Last week I had two experiences with forms of documents that can be a little, let’s say, dry. The first was writing learning outcomes on a new OU course, and for a MOOC on the bizMOOC project. The second was the launch of the ALT strategy document. It struck me that there was a similarity between these two types of document. They’re both potentially useful but often become mired in a particular vocabulary of their own that renders them largely meaningless to their intended audience.
I don’t think I quite succeeded in breaking through this with the problem with the learning outcomes in question, but I do feel that Maren Deepwell and the team at ALT managed it with the strategy. It’s been an interesting process and what has resulted is, I feel, a meaningful and engaging document. So for future reference for myself as much as anything, I’m recording what was important about the process.

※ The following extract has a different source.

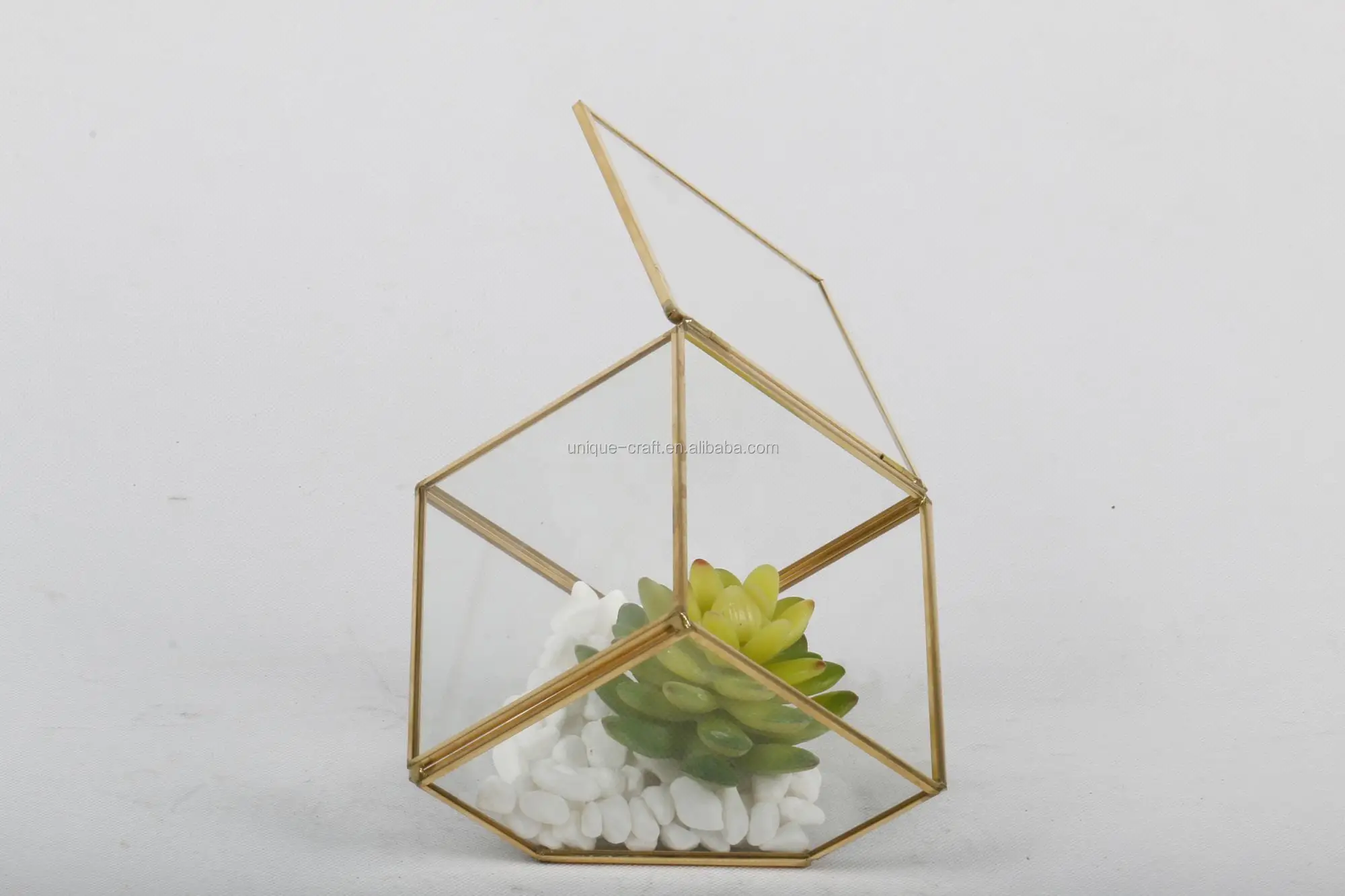 5.9 inch Copper Gold Glass Cube Small Geometric Terrarium Planter with Door Wholesale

Firstly, Maren took it seriously. This wasn’t something ALT were doing just because you have to have a strategy document, but then you put it in a drawer and never look at it again. For ALT this was seen as an opportunity to both produce a strategy that would guide the organisation and also to engage the community. Which is the second feature, to conduct the process in an open, collaborative manner. We held webinars, a face to face session, an open survey and invited comments all the way along. This was not a top down, management consultant derived strategy, but a bottom-up, community driven one.
Lastly it represented an opportunity to rethink, or at least tinker with, what such a document should be. We deliberately kept it short and written in an accessible language. But Maren also had the great idea to invite along the hugely talented Bryan Mathers for a ‘visual thinkery‘ session. During this he got the trustees to talk about ALT and the purpose of the strategy. From this he produced some lovely images. And these are of course, CC licensed. This gives a whole different feel and life to the strategy document I feel.
I’m not sure I could apply the same process to learning outcomes, but I feel there is something generalisable from Maren’s approach to this that could work there too.